IRWAN/RADAR DEPOK MASIH TAHAP AWAL: Pembangunan underpas atau terowongan untik penyeberangan di Stasiun Depok Lama, kemarin.
IRWAN/RADAR DEPOK
MASIH TAHAP AWAL: Pembangunan underpas atau terowongan untik penyeberangan di Stasiun Depok Lama, kemarin.

DEPOK – PT Kereta Api Indonesia tengah membangun underpass atau terowongan penyeberangan penyambung peron di Stasiun Depok Lama (Stadela).

Pantauan Radar Depok, Minggu (4/11) di lokasi tampak sejumlah spanduk pemberitahuan. “Mohon maaf untuk sementara pengguna jasa angkutan kereta commuter Indonesia atas terganggunya kenyamanan perjalanan anda dikarenakan akan dilaksanakan pembangunan underpass,” demikian bunyi isi spanduk tersebut.
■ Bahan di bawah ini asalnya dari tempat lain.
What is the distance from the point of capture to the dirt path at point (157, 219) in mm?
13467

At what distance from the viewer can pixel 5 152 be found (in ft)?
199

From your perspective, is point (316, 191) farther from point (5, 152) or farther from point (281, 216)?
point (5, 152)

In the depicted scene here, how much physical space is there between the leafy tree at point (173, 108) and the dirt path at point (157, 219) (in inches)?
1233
Tidak hanya itu, di depan peron 1 pekerja menggali tanah. Tanah tersebut tadinya menjadi tempat parkir motor yang berada di samping kanan akses keluar masuk peron. Bagian tengah antara peron 2 dan 3 juga sudah digali dan bolong.
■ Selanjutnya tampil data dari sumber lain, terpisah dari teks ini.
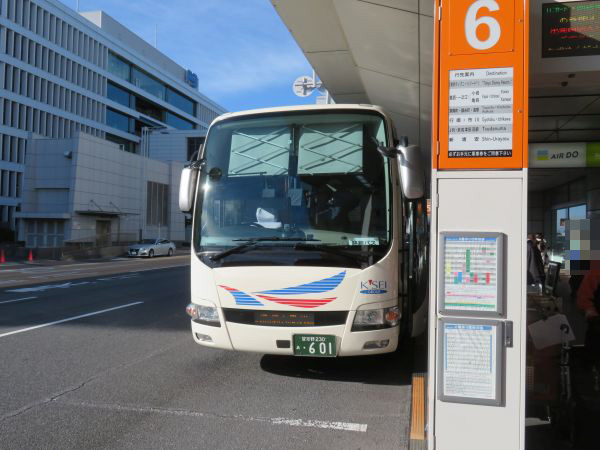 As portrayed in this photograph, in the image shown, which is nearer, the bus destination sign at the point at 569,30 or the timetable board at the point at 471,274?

Kepala Humas KCJ, Eva Chairunissa mengatakan, pembangunan underpass bakal tembus melewati jalur 1, 2, dan 3. “Iya itu pembuatan underpass di tengah. Untuk peningkatan pelayanan penumpang commuter line,” kata Eva kepada Radar Depok, kemarin (4/11).

Saat ini, underpass yang ada hanya untuk menyeberangkan orang dari akses Jalan Depok, keluar atau masuk stasiun. Adapun sehari-hari, penumpang yang ingin naik dari jalur 1 ke arah Jakarta Kota atau Jatinegara maupun ke jalur 4 arah Bogor atau Nambo tetap harus menyeberang rel. “Sudah mulai untuk menigkatkan keselamatan penumpang berpindah antar peron,” tegas Eva.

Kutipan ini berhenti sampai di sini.